En utilisant un imprimé périodique, l’information est plus corsetée, régulière et laisse moins de mauvaises surprises, cela permet un contrôle social de la demande d’information. Néanmoins, la Gazette n’est pas ce bête instrument de propagande que l’on peut imaginer. Elle est un organe officiel mais l’information qu’elle diffuse doit profiter d’une certaine liberté pour que son lectorat (essentiellement une noblesse d’épée, de robe, des parlementaires…) ne soit pas tenté d’aller s’informer ailleurs.

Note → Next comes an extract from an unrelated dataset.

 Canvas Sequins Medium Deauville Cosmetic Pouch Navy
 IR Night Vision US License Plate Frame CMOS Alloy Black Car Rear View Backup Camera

La matérialité de la Gazette

Nous l’avons dit, avant l’apparition de la Gazette, l’information passait par l’occasionnel. Son format est principalement in-8 et ainsi, lorsque l’on voit un livret in-8°, on pense instinctivement à l’occasionnel et aux informations, parfois fausses, qu’il diffuse. Renaudot veut utiliser ce regard que l’on a sur l’occasionnel dans son intérêt.

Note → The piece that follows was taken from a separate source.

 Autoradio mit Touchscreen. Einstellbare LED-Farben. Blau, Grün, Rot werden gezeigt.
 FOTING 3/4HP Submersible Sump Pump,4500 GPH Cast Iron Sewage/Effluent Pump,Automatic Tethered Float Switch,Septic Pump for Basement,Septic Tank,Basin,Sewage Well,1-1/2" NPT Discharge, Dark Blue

Ainsi, il fait un tout autre choix : il adopte un format in-4°. Cette décision est particulièrement habile car il vient créer un fossé entre l’occasionnel et la Gazette. Il entend faire de l’occasionnel la publication peu sérieuse et faire de la Gazette, au contraire, la parfaite publication. Pour que cette différence soit visible, il adopte donc un format différent. Ainsi, au simple coup d’œil, on peut différencier les deux et voir que si c’est un in-4°, l’information est forcément sérieuse.

La Gazette est assez sobre et la principale décoration de celle-ci est la façon dont son titre est stylisé. Incertain encore dans les premières années, à la fin de l’année 1633 et au début 1634, il y a une stabilisation d’un style on retrouve alors :

Un « G » ou un « N » évidé, accompagné d’un globe terrestre et de l’aiguille d’une boussole, le tout sommé par les sept étoiles de la Petite Ourse, l’aiguille indiquant l’étoile polaire

selon Gilles Feyel

On peut aussi lire : « Guidé du ciel, j’adresse et par mer et par terre », symbolisant l’ambition de Renaudot de vouloir informer le plus de monde.

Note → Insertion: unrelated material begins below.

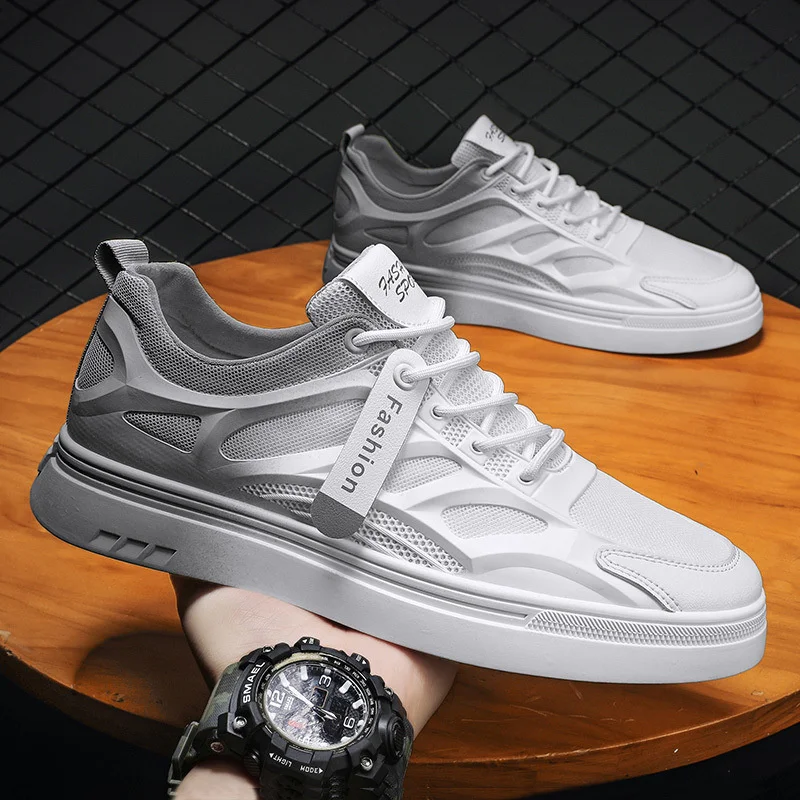 Men Vulcanize Shoes White All-match Shoes Male Flats Lace-up Platform Casual Shoes Autumn Men Spring Men Sneakers Light Shoes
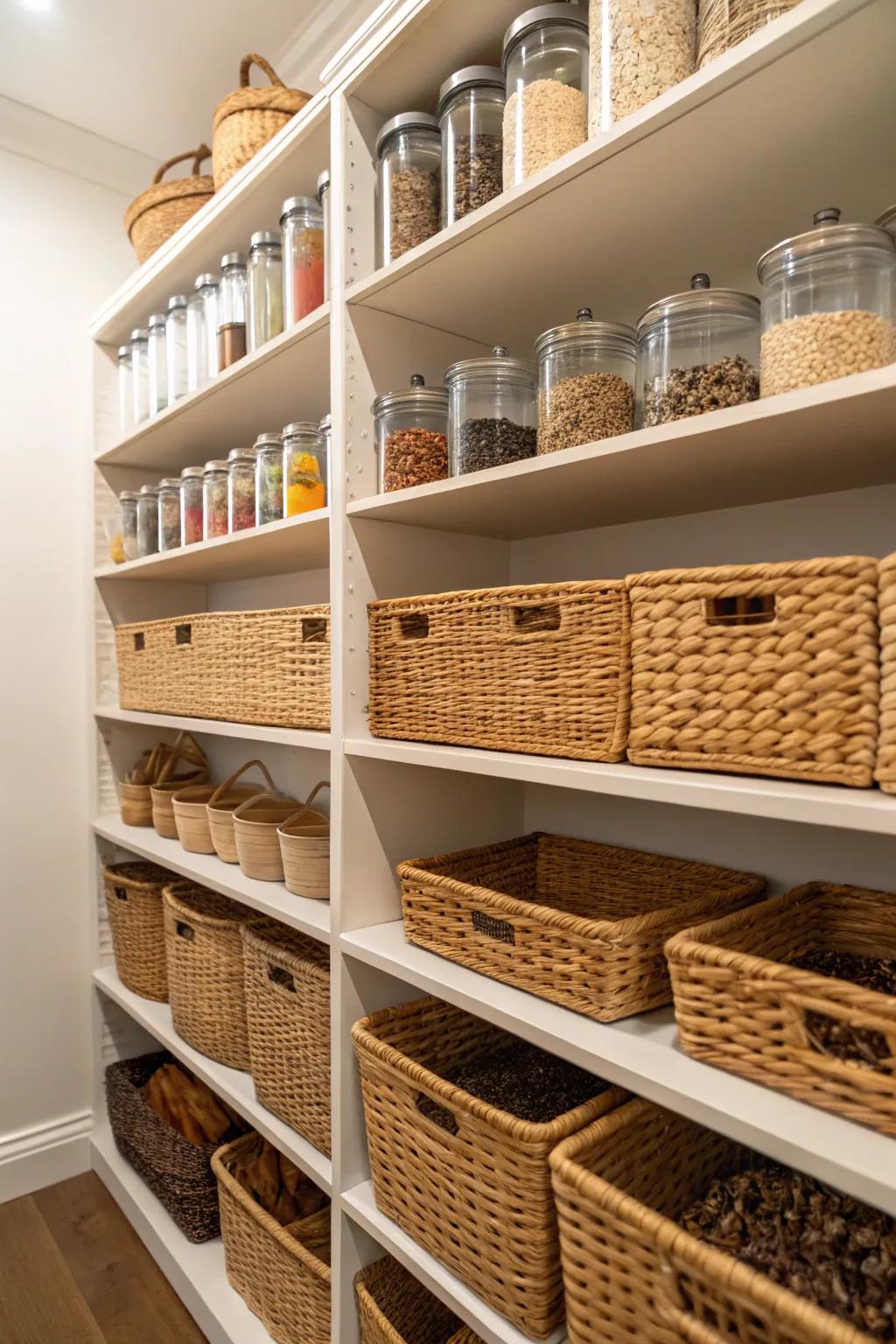 Twig baskets arranged on pantry racks offer both storage and visual allure.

Style de la Gazette | gallica.bnf.fr
Style de la Gazette | gallica.bnf.fr

Que contient la Gazette ?

Le contenu de la Gazette, on l’a vu, est composé de nouvelles de différentes villes. En cela aussi, il tranche avec les occasionnels, ces derniers, surtout les canards, aiment parfois tomber dans le surnaturel, dans le miraculeux. Chez Renaudot, ce n’est pas l’objectif premier. Certes, des miracles demeurent parfois, à condition qu’ils suscitent la dévotion et respectent les prescriptions induites par la Réforme catholique. Tout ce qui se rapporte aux fantômes, aux monstres, est supprimé : Renaudot vise la rationalisation de l’information.

En dehors de cela, la Gazette peut reprendre tout ce que son auteur estime légitime et digne d’intérêt. Cela peut aller du fait divers à la décision royale, en passant par une quelconque bataille ou la déclaration d’un militaire… Par exemple la Gazette du 27 mai 1645 revient sur des batailles de la guerre de Trente Ans, une élection dans un couvent, la situation des étrangers à Londres, une affaire de sacrilège… Toute l’Europe est visée, en passant par Rome, Paris, Londres, Amsterdam…

On le voit donc à travers tous ces aspects, la naissance de la Gazette a été le fruit d’une longue lutte entre différents organes de presse qui voulaient tous informer. Néanmoins, le pouvoir royal, dans sa logique de vouloir contrôler l’information, a protégé la Gazette en échange d’une certaine obéissance de celle-ci. La Gazette, a ainsi pu développer ses publications et a joué un rôle essentiel, que cela soit la guerre de Trente Ans, mais aussi dans des publications plus localisées et avec moins d’enjeux, tout en restant toujours dans cette volonté de rationaliser l’information.

Quelques liens et sources utiles

CHARTIER Roger (dir.), Les usages de l’imprimé (XVe-XIXe siècle), Paris, Fayard, coll. « Nouvelles Études Historiques », 1987.

FEYEL Gilles, L’annonce et la nouvelle : la presse d’information en France sous l’Ancien Régime, 1630-1788, Oxford, Voltaire Foundation, 2000.

HAFFEMAYER Stéphane, L’information dans la France du XVIIe siècle : la « Gazette » de Renaudot de 1647 à 1663, Paris, Honoré Champion, coll. « Bibliothèque d’Histoire Moderne et Contemporaine », 2002.

SGARD Jean (dir.), Dictionnaire des journaux, 1600-1789, Paris Oxford, Universitas Voltaire Foundation, 1991.